Forget trying to 'fix' your wife - she's probably not broken, and she's got a century of Pankhursts and Greers behind her, explaining her rights. You - you're the enemy until such time as you prove to her that you're both working together for the same ends.

Husbands now get a bad press from women, and it's so unfair. People are not saints - neither men nor women. And men haven't changed for the worse. What's their crime? Simple. They haven't changed enough in step with the way the women's world has changed and many women won't wait around for them to catch up unless they see some concrete signs that their man is working to at least meet them half-way.

Actually - you don't have to change. You were already what she wanted, before you got married. All you really have to do is switch the "old you" back on. Most men let that battery run down after the wedding. Now you've got to get it charged up again.

Conclusion: If you embark on this journey you have some hard times ahead of you.

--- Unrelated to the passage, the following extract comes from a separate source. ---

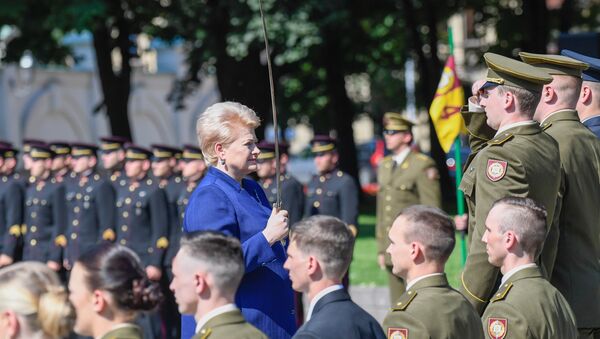 Президент Даля Грибаускайте вручила лейтенантские погоны офицерам литовской армии - Sputnik Литва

What your woman probably wants is for you to revert to being her courting lover, attentive, patient, humourous, affectionate, helpful, eager - at all times as you doubtless were in the period leading up to your engagement.

Anytime you drop below that ultimate standard it's another point some women will mark against you. When they have accumulated enough points they may feel entitled to leave with clear conscience. Don't blame them - they've been brain-washed by generations of mothers, senators, lawyers, courts, movies and government departments.

So, in a nutshell, start winding your clock back for your woman, so you become more what she saw in you when you were dating. We'll help.

Otherwise, learn to enjoy living alone.